Alibaba continues to gain cloud momentum

When Alibaba reported its earnings yesterday, the cloud data got a bit buried in other stories, but it’s worth pointing out that its cloud business grew 93 percent in the most recent quarter to $710 million. That’s down a smidgen from the gaudy triple digit growth of last report, but their market share has doubled in just two years, and they are growing fast.

As John Dinsdale, principal analyst at Synergy Research, a firm that keeps a close eye on the cloud market points out, the dip in growth is all about the law of large numbers. Alibaba couldn’t sustain triple digit growth for long.

“Microsoft Azure and Google Cloud Platform have recently seen similar reductions in growth rates, and if you go back far enough in time, AWS did too. The key thing is that the market for cloud infrastructure services is now very big, yet is still growing by 50% per year — and the leading players are either maintaining or growing their market share,” he said.

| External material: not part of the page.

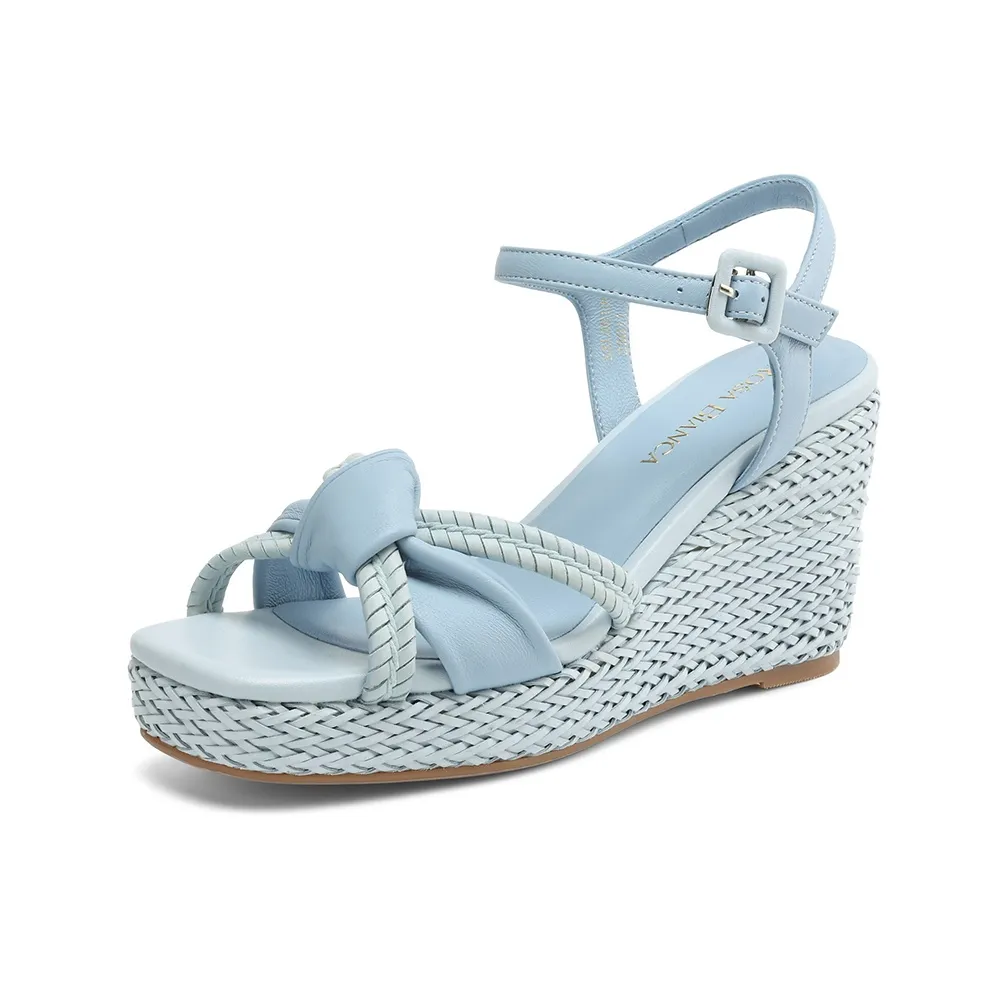 Rosa Bianca One Ремень Сандалии 9 см Женские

Back in 2015, when the Chinese eCommerce giant launched a big cloud push as part of an effort to expand beyond its eCommerce roots, Alibaba Cloud’s president Simon Hu bragged to Reuters, “Our goal is to overtake Amazon in four years, whether that’s in customers, technology, or worldwide scale.”

That is obviously not happening, but the company has managed to move the market share needle, doubling from just 2 percent of worldwide cloud infrastructure market share in 2016 to 4 percent today. That’s nothing to sneeze at, according to Dinsdale, but it’s also worth pointing out that most that business is in Asia, and of that, most of it is in its native China.

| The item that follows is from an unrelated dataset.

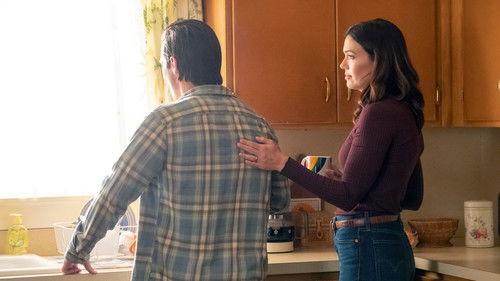 This Is Us Season 3 Episode 12 - Songbird Road (2)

Like all its cloud competitors, the company is concentrating on some key technologies to drive that growth including big data analytics, artificial intelligence, security and Internet-of-Things, all of which are resource intensive and help grow revenue quickly.

To sustain its growth, however, Alibaba needs to begin to develop markets outside of China  and Asia. Dinsdale thinks that could happen as Chinese customers expand internationally. He also recognizes the political realities that the company faces as it tries to move into western markets. “Alibaba has what it takes to seriously challenge the top four cloud providers — despite some inevitable political headwinds that it will face,” he said.

While Alibaba might not reach the lofty heights of catching AWS any time soon, or probably ever, it has a good shot at IBM and Google Cloud Platform and for a company that just started taking the cloud market seriously in 2015, that’s amazing progress.